In the first year the paper was very tiny, and I had built it up to five thousand paid circulation, at ten cents apiece. The LA Times wrote a piece about me, “Why Does the Free Press cost ten cents?” and I got little boosts like that. I began giving papers to kids to go out and sell in the streets and make some money. Eventually I rented a garage up in Hollywood, and kids would come by and leave a knapsack or something and get a pack of papers and go out and sell them and then bring back the money to rescue their knapsacks. And they, you know, hundreds of kids were supporting themselves eventually like that.

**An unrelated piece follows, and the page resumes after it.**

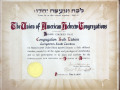 A close-up view of a framed certificate from the Union of American Hebrew Congregations, on the wall in the small office.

But the first big break took place during the Watts Riots. During the Watts Riots I ran a headline saying, “The Negroes Have Voted.” I had lots of contacts in the civil rights movement and I had helped start the Congress of Racial Equality here and I’d been on the NAACP board. So I had some knowledge of the black situation, and I wrote this headline on this front-page article saying when the negros don’t get their issues handled in the courts, they go out in the streets—and that’s a different kind of voting. Everybody else was talking about fires in Watts and criminals, and I’m saying that this is a rebellion and people are voting with their feet, so I was on every program in L.A. that week. I was on maybe ten news programs, and that week the paper jumped from five thousand to twenty-five thousand paid circulation. People were buying more copies in the street, and I bought more boxes. When I had started the paper in May of 1964 (the Village Voice was about five or six years old) the Village Voice had a paid circulation of 27,600, and so that was my target. I figured, you know, if I had ever arrived there, that was success. And the week or two after the Watts Riots, that’s where I was. I had jumped from a little tiny hippie paper to being sold on the streets.